*EXERCISE REQUIREMENTS*: Transcribe the records below in their entirety, and leave out each image.

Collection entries
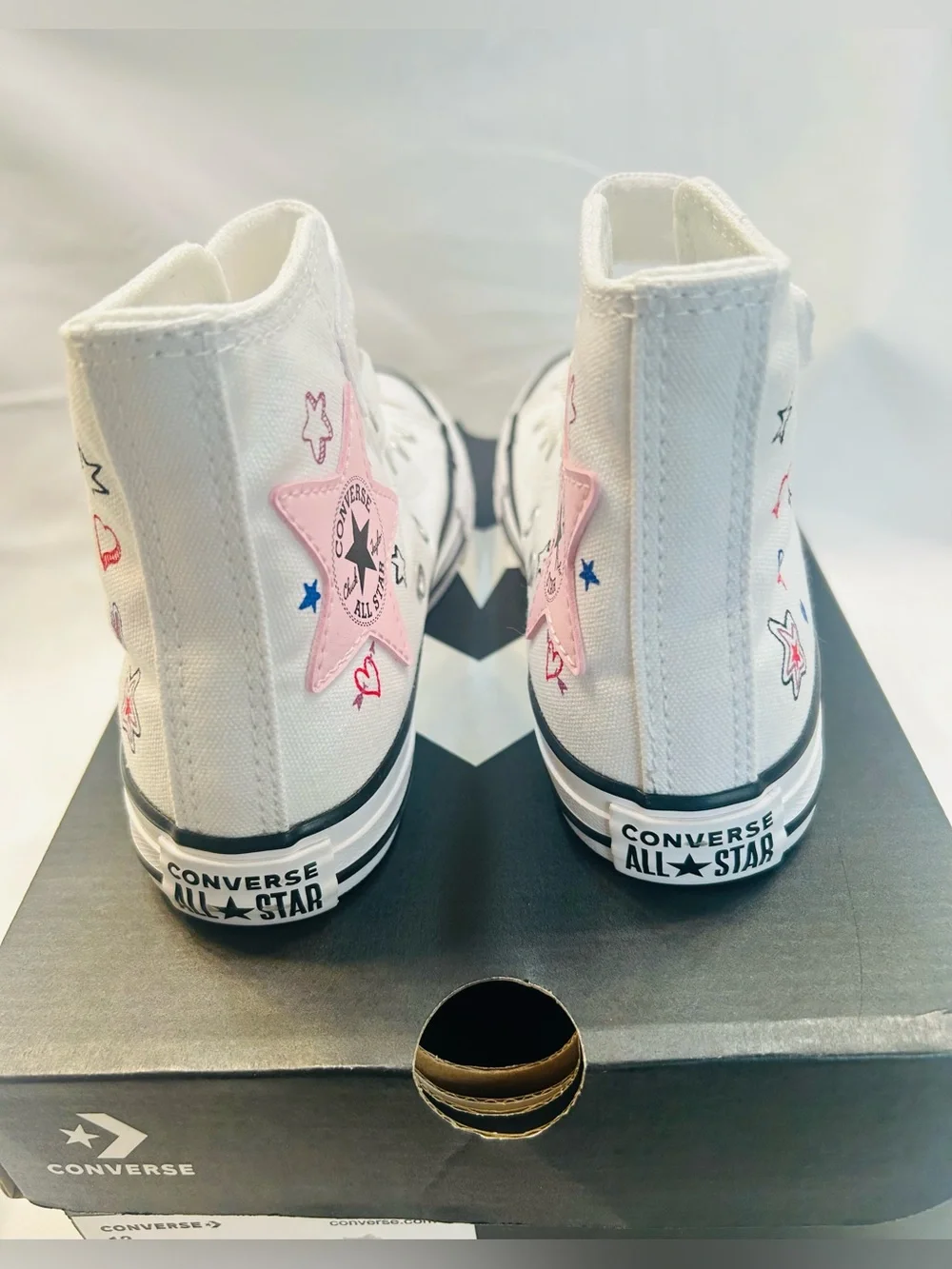 Converse Kids White High-Top Sneakers with Pink & Navy Star Details.  New In Box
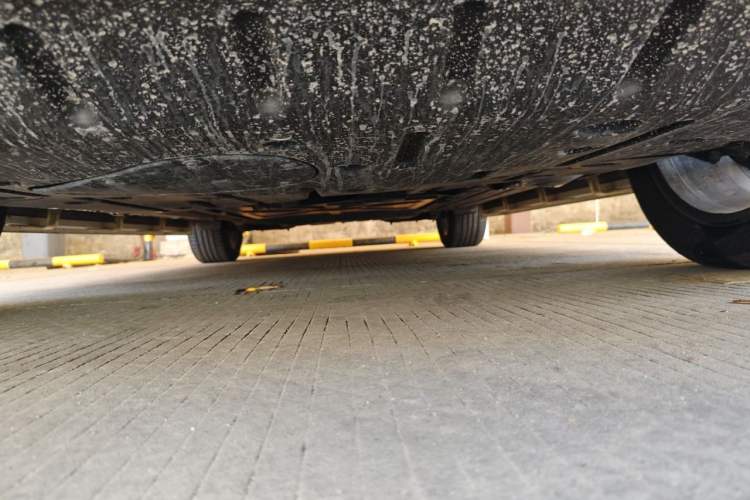 Used BYD Song L DM-i 2026 Model 130KM Superior Version Chassis Front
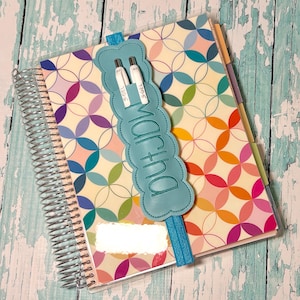 Personalized Book Band, Scallop Notebook Pen Pouch, Scalloped Coloring Book Pouch, Pen Bookmark, Personalized Planner Band--- 70 Colors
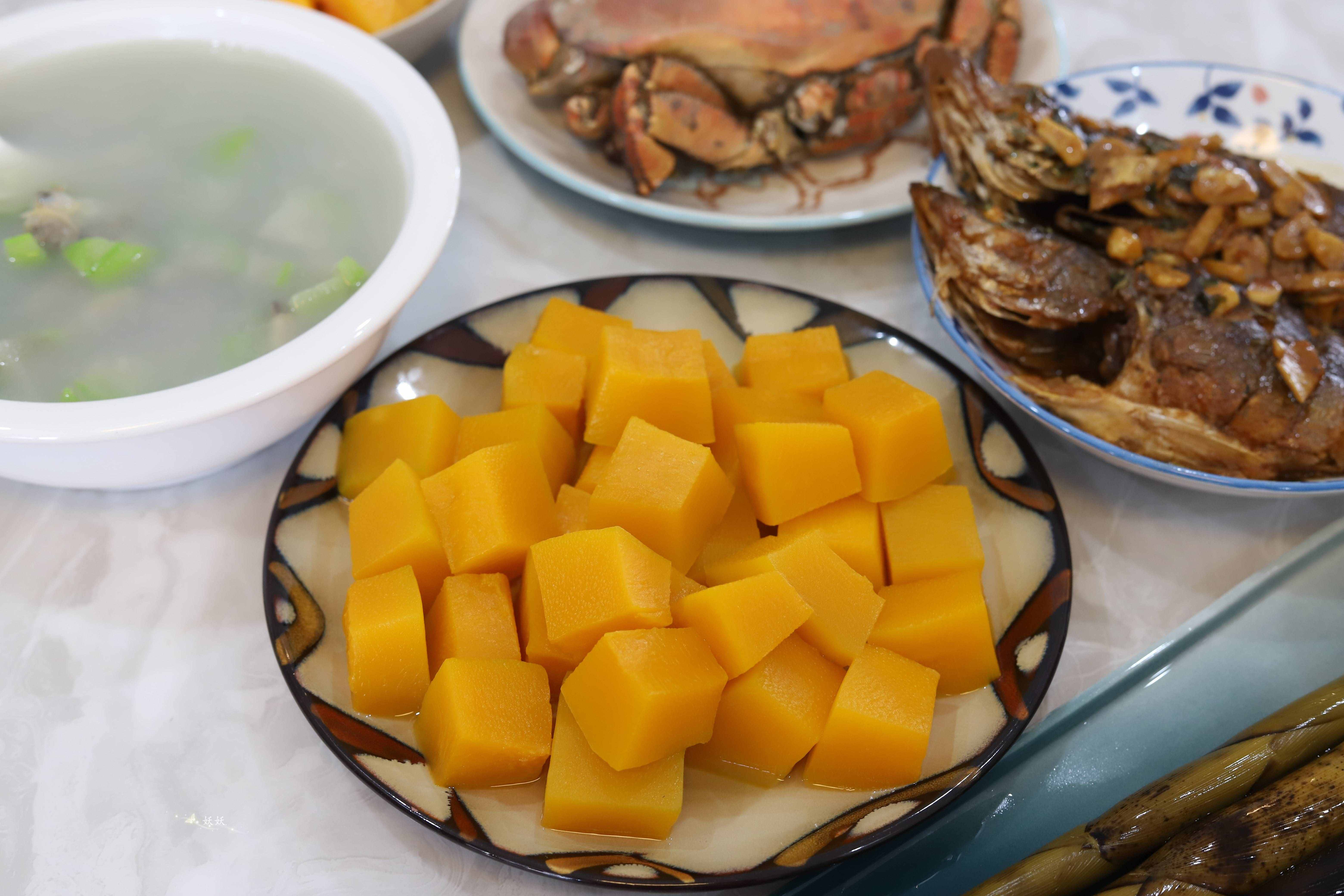 周末給家里學(xué)生準(zhǔn)備的中餐，比學(xué)校里豐盛，干凈營(yíng)養(yǎng)，合孩子胃口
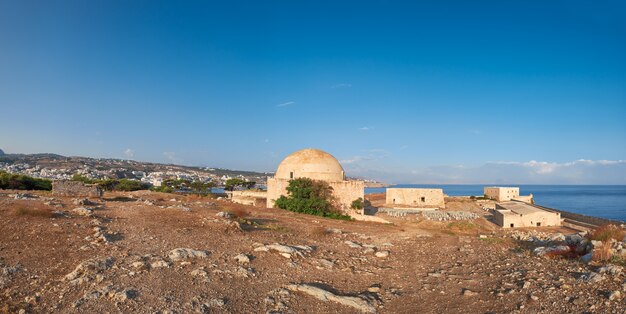 Costruzioni medievali della fortezza presto nella città di Rethymno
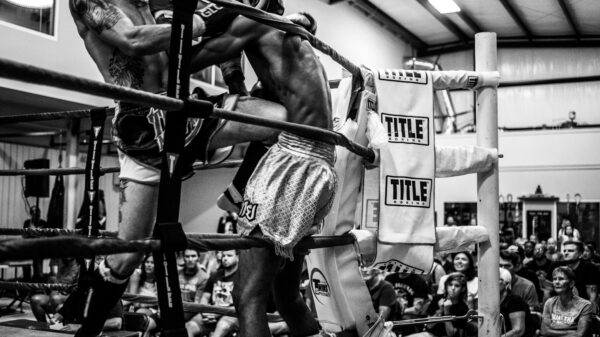 Young Muay Thai fighter's lung cancer death raises screening eligibility questions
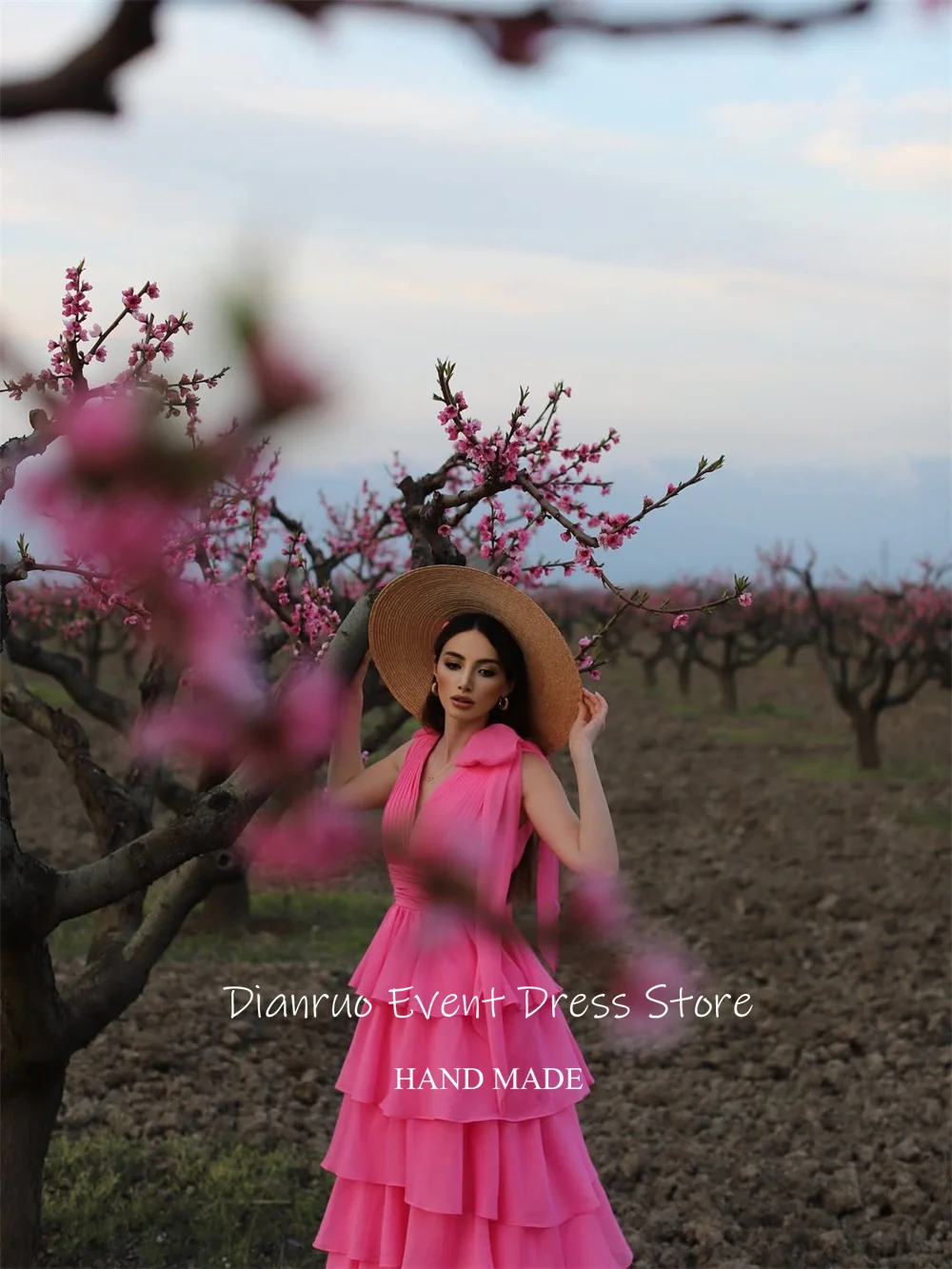 Dianruo فساتين سهرة نابضة بالحياة على شكل حرف A من الشيفون رداء حفلات متدرج رشيق على شكل حرف V بفيونكة فيستدوس دي فييستا أنيقة مخصصة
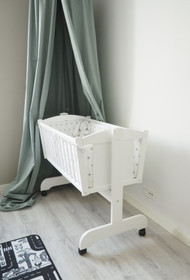 Keinuva kehto, Piccolo, valkoinen, pyörillä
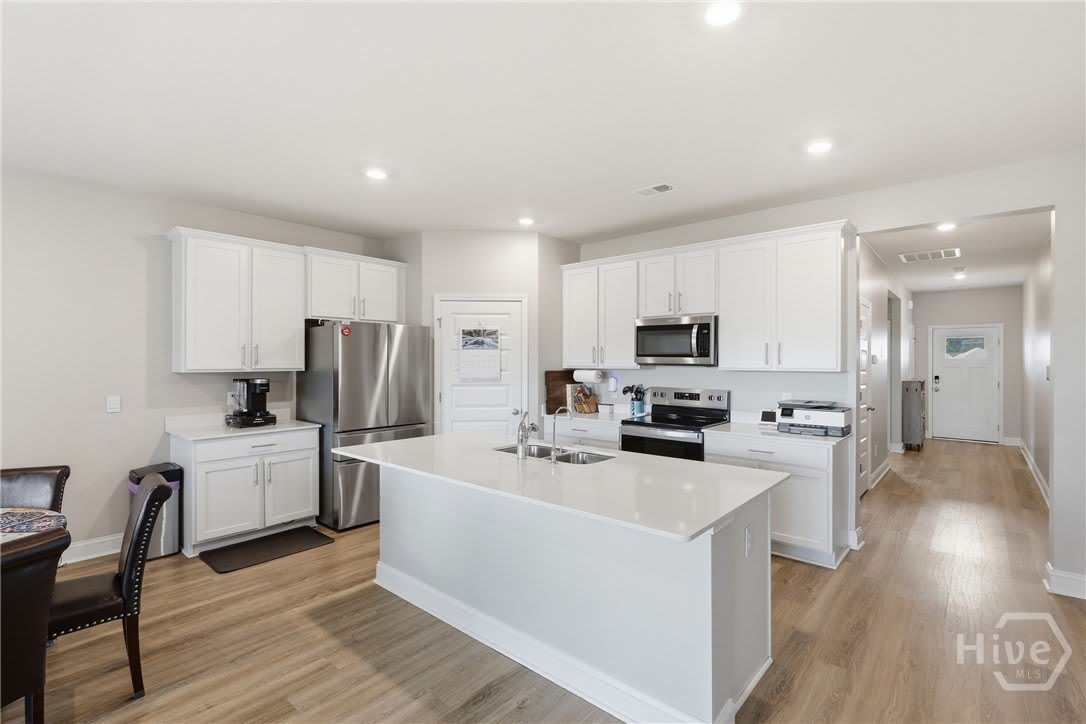 110 Grove Drive – photo 4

*ANSWER BOX*:
 Converse Kids White High-Top Sneakers with Pink & Navy Star Details.  New In Box
 Used BYD Song L DM-i 2026 Model 130KM Superior Version Chassis Front
 Personalized Book Band, Scallop Notebook Pen Pouch, Scalloped Coloring Book Pouch, Pen Bookmark, Personalized Planner Band--- 70 Colors
 周末給家里學(xué)生準(zhǔn)備的中餐，比學(xué)校里豐盛，干凈營(yíng)養(yǎng)，合孩子胃口
 Costruzioni medievali della fortezza presto nella città di Rethymno
 Young Muay Thai fighter's lung cancer death raises screening eligibility questions
 Dianruo فساتين سهرة نابضة بالحياة على شكل حرف A من الشيفون رداء حفلات متدرج رشيق على شكل حرف V بفيونكة فيستدوس دي فييستا أنيقة مخصصة
 Keinuva kehto, Piccolo, valkoinen, pyörillä
 110 Grove Drive – photo 4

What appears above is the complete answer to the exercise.